By 2002, the consequences of such deliberate human cruelty were abundantly clear. Afghanistan faced a humanitarian crisis. Seventy percent of its people were malnourished, and 25 percent of children died before age 5. A decade ago, after years of war with the Soviet Union followed by the rise of the Taliban, basic infrastructure, such as roads and schools, lay in ruins. In rural areas, clean water and electricity are still luxury goods rather than the norm.
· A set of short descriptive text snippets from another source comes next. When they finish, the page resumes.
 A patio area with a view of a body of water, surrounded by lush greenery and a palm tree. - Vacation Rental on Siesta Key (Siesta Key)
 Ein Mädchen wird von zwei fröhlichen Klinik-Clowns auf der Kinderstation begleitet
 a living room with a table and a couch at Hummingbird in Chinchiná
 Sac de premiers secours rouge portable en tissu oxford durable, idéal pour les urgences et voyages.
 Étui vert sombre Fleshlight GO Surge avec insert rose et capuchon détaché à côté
But the Afghan story is changing. Over the past 10 years, there has been remarkable progress. Four thousand schools have been built, and more than 100,000 new teachers have entered the classroom. Today, girls make up 37 percent of the 7 million Afghan students in primary and secondary schools. During Taliban rule, only 900,000 children, all male, attended school.

Adult learning has also accelerated. More than 62,000 Afghans attend universities. The co-educational American University of Afghanistan, which opened in 2006 with 50 students, has more than 1,700 full and part-time students and offers Afghanistan's leading MBA program. This fall, a record 52 Afghans will come to the United States as Fulbright scholars. A basic literacy and math education program that I visited in 2008 is reaching more than 300,000 Afghan adults, 60 percent of them women.
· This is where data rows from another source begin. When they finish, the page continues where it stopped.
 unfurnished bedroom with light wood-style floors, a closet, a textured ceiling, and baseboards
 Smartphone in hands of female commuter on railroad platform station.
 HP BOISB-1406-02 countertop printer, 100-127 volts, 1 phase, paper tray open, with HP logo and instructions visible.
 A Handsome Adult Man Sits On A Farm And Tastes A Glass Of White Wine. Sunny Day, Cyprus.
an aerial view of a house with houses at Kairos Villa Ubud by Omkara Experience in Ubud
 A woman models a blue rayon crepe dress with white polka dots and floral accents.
I assume the Talibunnies don't need no steekin' skool.
But if this progress is to last, these business and educational investments must be protected and expanded. And, every bit as important, the Afghan government cannot negotiate away women's rights. At their gathering, NATO officials have an opportunity to communicate that aid, investment and alliances are not guaranteed if women are simply to be treated as a bargaining chip.

Having already seen the terrible cost of denying the most basic of human freedoms, do we dare risk the consequences now of abandoning the women of Afghanistan?